Home Feeding Presents Unique Challenges
Patients who transition to nutrition support care at home have a very different set of challenges, according to Jessica Monczka, RD, LD, CNSC, a clinical nutrition director for Option Care Health. “A lot of these patients are very stable,” Ms. Monczka said. “Many of them haven’t had a change to their orders in months. They have infrequent labs.”
This consistency allows clinicians to spend more time with high-touch patients, she noted. “But throw a shortage into the mix,” she continued, “and every single one of those stable patients goes over to the high-touch pile. They all need new orders.”
But prescribers who are accustomed to their patients’ stable status often can be hard to reach, Ms. Monczka noted. So it can take a lot of effort to implement a shortage plan. “Then we have to teach these patients,” she added. “It’s not just a new bag coming up to the floor from the pharmacy and nurses administering it.”
Personalized PN bags that are prepared and shipped weekly to patients’ homes need additional nutrients, including vitamins, which patients are required to inject into their bag each day before starting the infusion. These additives may come in vials or syringes, and patients need to understand how this shortage regimen will differ from the process they were trained on previously, Ms. Monczka pointed out.

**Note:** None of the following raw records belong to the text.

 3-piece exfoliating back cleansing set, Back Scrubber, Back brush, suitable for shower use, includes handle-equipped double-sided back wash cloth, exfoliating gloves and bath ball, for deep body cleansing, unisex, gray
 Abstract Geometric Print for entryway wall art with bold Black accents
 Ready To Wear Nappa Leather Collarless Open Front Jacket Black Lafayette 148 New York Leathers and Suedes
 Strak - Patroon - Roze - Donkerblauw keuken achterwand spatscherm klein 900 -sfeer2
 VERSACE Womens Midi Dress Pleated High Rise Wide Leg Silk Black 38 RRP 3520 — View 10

In addition, she said, prescribers need to understand which products are available. Each additive will have different stability data, concentrations and dosage volumes, and ordering in a way that can be accurately dosed in the home is important. When PN regimens are adjusted because of a shortage, “we have to talk to these patients about what’s going on” and what they need to do, Ms. Monczka said.

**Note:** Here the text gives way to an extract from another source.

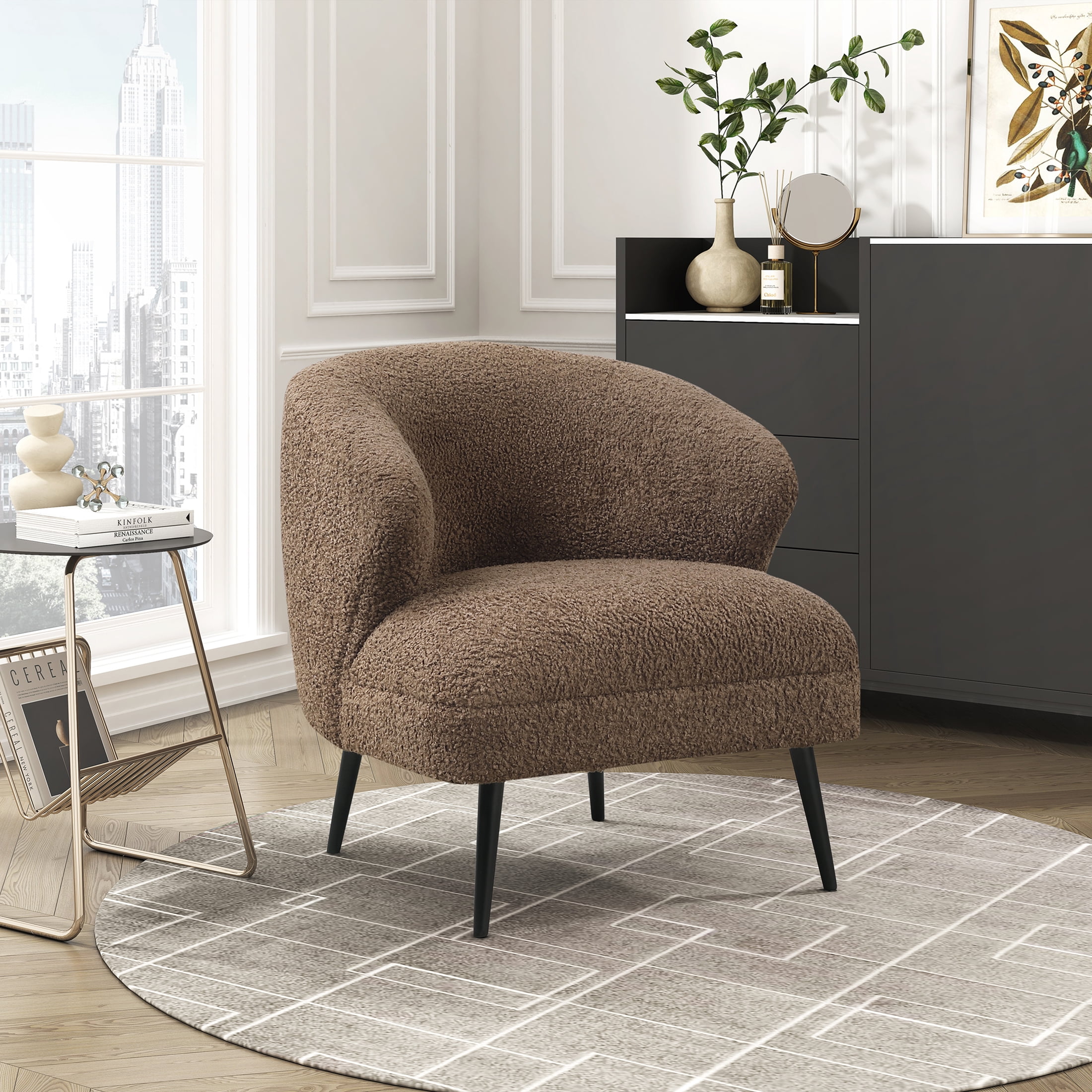 OakvillePark Crestlark Boucle Curved Back Accent Chair with Metal Legs, Brown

The pressure on nutrition providers can be daunting. “Every clinician in this room is going to stay as long as it takes to make sure that every single patient gets taken care of, but when it’s shortage after shortage after shortage, it starts to take its toll,” Ms. Monczka said, “and that’s an important thing for us to consider in this conversation.”
Dr. Blackmer reported financial relationships with Neonatal Lexicomp and Wolters Kluwer. Dr. Cober reported relationships with Baxter, B. Braun/CAPS, Fresenius Kabi and Wolters Kluwer. Dr. Mays reported relationships with Baxter and Fresenius Kabi. Ms. Monczka reported a relationship with Fresenius Kabi.